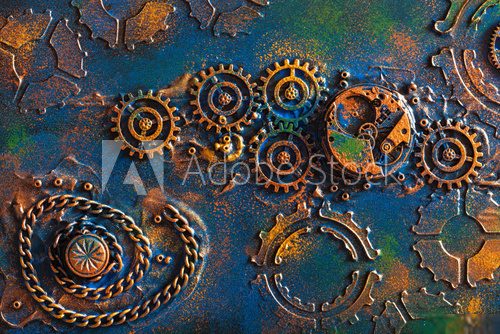 handmade steampunk background mechanical cogs wheels Industrialne Fototapeta
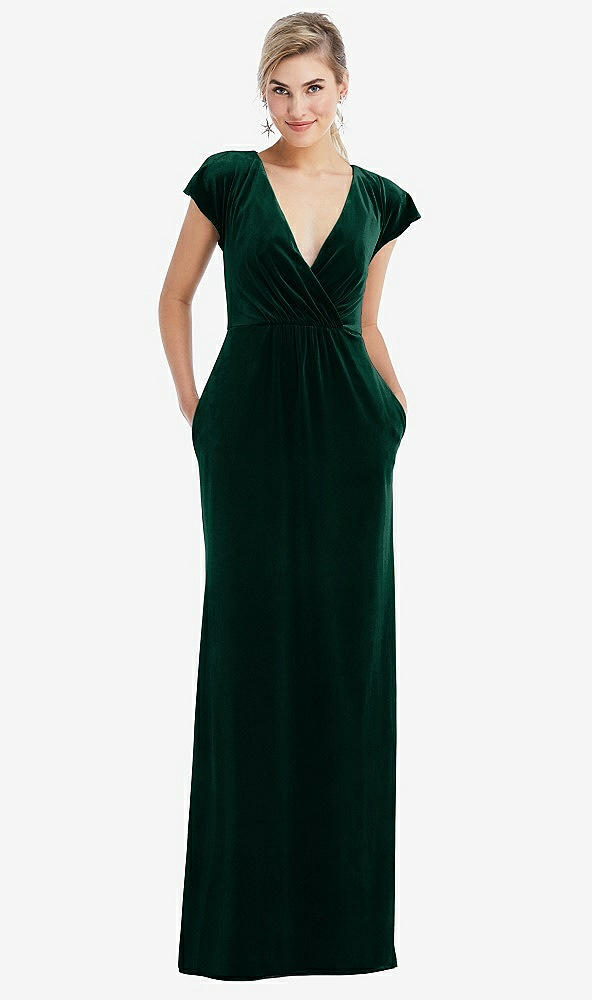 Front View - Evergreen Flutter Sleeve Wrap Bodice Velvet Maxi Dress with Pockets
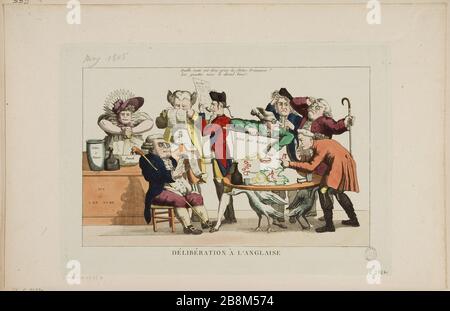 Beratung in englischer Sprache Anonyme. 'Délibération à l'anglaise'. Eau-forte coloriée, 1805. Paris, musée Carnavalet. Stockfoto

- How to complete this task
Please print the entire listing again exactly, minus its images.

- Answer box
 handmade steampunk background mechanical cogs wheels Industrialne Fototapeta
 Front View - Evergreen Flutter Sleeve Wrap Bodice Velvet Maxi Dress with Pockets
 Beratung in englischer Sprache Anonyme. 'Délibération à l'anglaise'. Eau-forte coloriée, 1805. Paris, musée Carnavalet. Stockfoto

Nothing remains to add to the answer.